Disappointment begets opportunity
Amakem was formed last year with €1.5m in seed financing from LRM, Life Science Research Partners and VINNOF, the Flemish innovation fund. DevGen became an early investor through an in-kind technology contribution, which allowed three of its former scientists to continue the development of technology shelved when DevGen was unable to find a buyer for its pharma division and shuttered it in 2008.
The €18m round continues the involvement of the three original investors, but was led by Forbion Capital Partners with new contributions from Credit Agricole Private Equity and Vesalius BioCapital.
Based in the life-sciences incubator at the University of Hasselt, Amakem is now completing pre-clinical work on AMA0076 and expects to begin clinical trials late in the second quarter of 2012. Should the Rock inhibitor achieve proof of concept, as a minimum the group will consider the exit strategy of a trade sale but Mr Elands hopes the results are strong enough, and that other candidates are far enough advanced, that licensing to a larger partner will be the preferred strategy.
To that end, the company is working with a second Rock inhibitor candidate, AMA247, in inflammatory diseases, with chronic obstructive pulmonary disease a target indication. Late last year, the company received a €1.3m Belgian government grant to pursue that indication.
Mr Elands notes that it will be harder for a small private company to advance in that indication. In glaucoma there is a single, clearly defined endpoint that responds relatively quickly, intraocular pressure, so clinical trials can be short and relatively small. However, measuring improvements in COPD patients using AMA247 will take longer and require larger trials. Thus, ‘247 is a more likely candidate for an early partnership. An update on the product's development is expected by the end of the year, Mr Elands says.
Meanwhile, early development work on kinase inhbitors in other ophthalmological indications is underway, with a compound that will be ready for an investigational new drug application on a similar timeframe to ’76. But Mr Elands will not commit to a specific indication, as the group wants to strengthen its data before it begins discussing it openly with regulators and potential partners.
“We have very interesting data for three indications. We’re working our way around from a marketing opportunity and cost opportunity standpoint to determine what the most sensible indication would be for us to go after,” he says.
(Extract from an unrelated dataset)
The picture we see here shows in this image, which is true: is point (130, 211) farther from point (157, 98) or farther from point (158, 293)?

In many of the ophthalmological indications, such as wet age-related macular degeneration (AMD) and diabetic macular oedema (DME), he notes that existing and candidate therapies have only targeted single biological targets – such as excess growth of blood vessels in AMD – and have not addressed other components of disease (Therapeutic Focus - Looking beyond VEGF in diabetic eye disease, August 31, 2011).
“We are looking at those other components to be able to extend the reach of medication,” he says. “I think we’ve only started scratching the surface.”
But for now the clear focus is on its most promising compound, the glaucoma treatment ’76. Showing success for a novel drug in the disabling eye condition would validate Amakem’s technology and build its value, a development that will both please its investors and stoke interest from big pharma partners.